Thirdly, encourage the public’s excitement about environmental issues and fully utilize the public’s oversight role. Develop policies to support and encourage public participation in environmental governance while continuously improving and standardizing the format of letters and media reports. This supports modernizing and scientifically validating environmental governance, ensures the timely and efficient implementation of public supervision and management, and is a crucial building block for attaining green, sustainable, and healthy development in the construction industry.
Finally, strengthen coordinated development among regions to narrow the imbalance. An efficient method of coordinating and promoting the growth of green technology innovation in the construction sector in each prefecture-level city in the Chengdu–Chongqing region is to improve the level of technical openness among cities. Give large cities such as Chengdu and Chongqing their due as “leading goose”, radiate these cities’ advantages in cutting-edge technology and resources to neighboring cities with low rates of green technology innovation, and encourage the integration and sustainable growth of the construction sector in this area.
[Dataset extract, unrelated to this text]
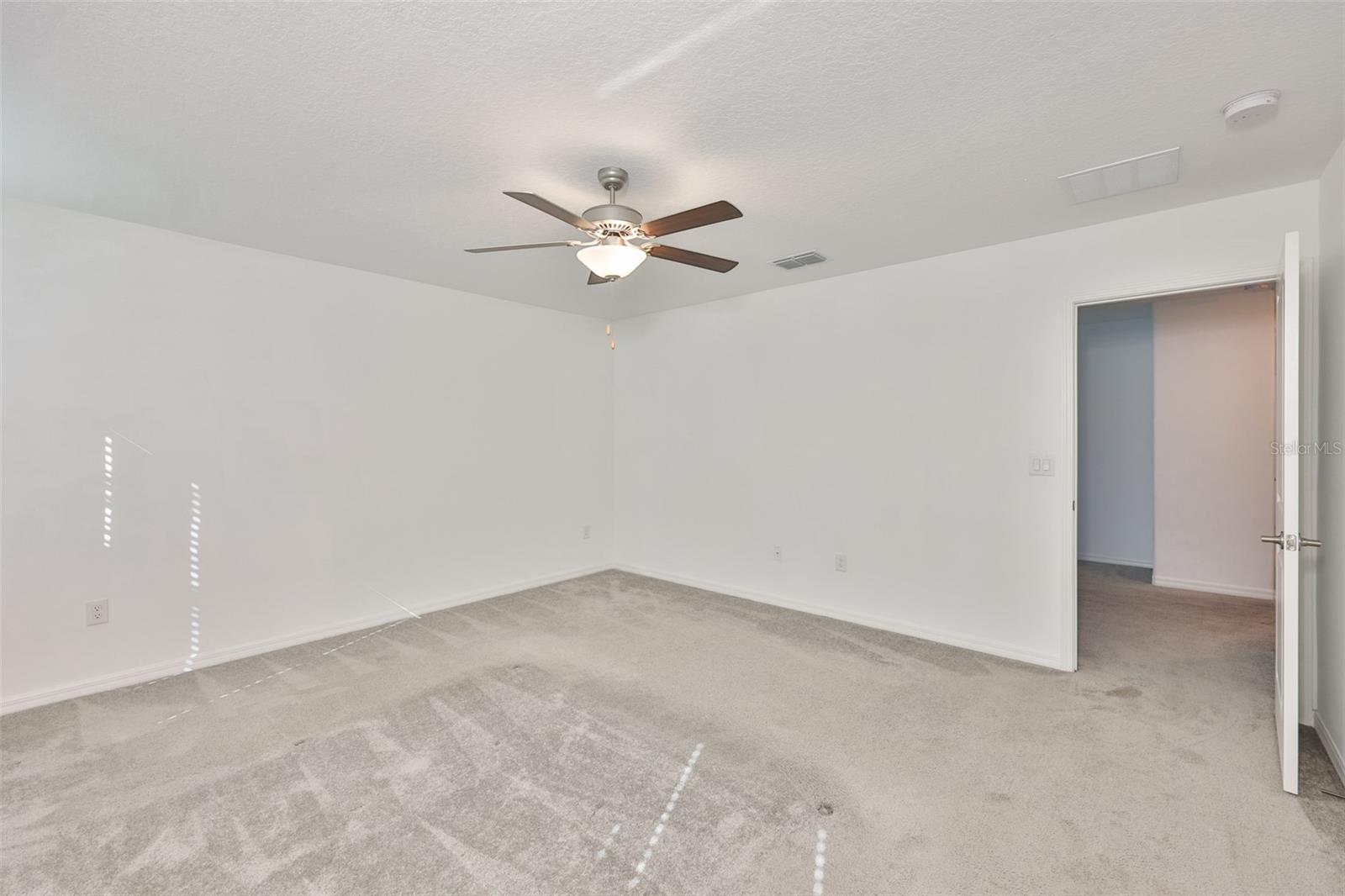 Image 33 of 57 For 9913 Jackfruit Court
5.4. Limitations and Deficiencies
In this study, the efficiency of green technology innovation in the construction sector is evaluated. The gravity model and geographic detector are used to investigate the characteristics of the spatial and temporal evolution of efficiency and its affecting elements. It expands and enriches the research theory of green technology innovation in the construction industry and helps to promote the green and low-carbon transformation of the construction industry. This study may have several shortcomings, which should be addressed and resolved in further studies. First of all, only the Chengdu–Chongqing urban agglomeration in China is used as the research region for this work, which focuses on the efficiency and impact variables of green technology innovation in the construction industry of 16 of those cities. However, there might be regional differences in the construction industry’s use of green technology innovation in various metropolitan agglomerations. In the future, a comparison study of typical regions such as the Beijing-Tianjin-Hebei urban agglomeration and the Yangtze River Delta urban agglomeration will be necessary. Explore in further detail the regulations for green technology innovation in the construction industry in various urban agglomerations. Secondly, the research object is not sufficiently detailed. The construction industry of each city in the region is the research object of this paper, and the research scope is broad. It can be refined further in future research, and the city can be refined further for each construction enterprise or county for more in-depth research. Last but not least, this essay primarily focuses on the effects of resource abundance, social economics, and environmental consciousness in light of the influencing variables of green technology innovation and efficiency in the construction industry. It might also be impacted by factors such as the energy consumption structure, ancillary industries, and management levels, among others, which will require more investigation and in-depth debate in the future.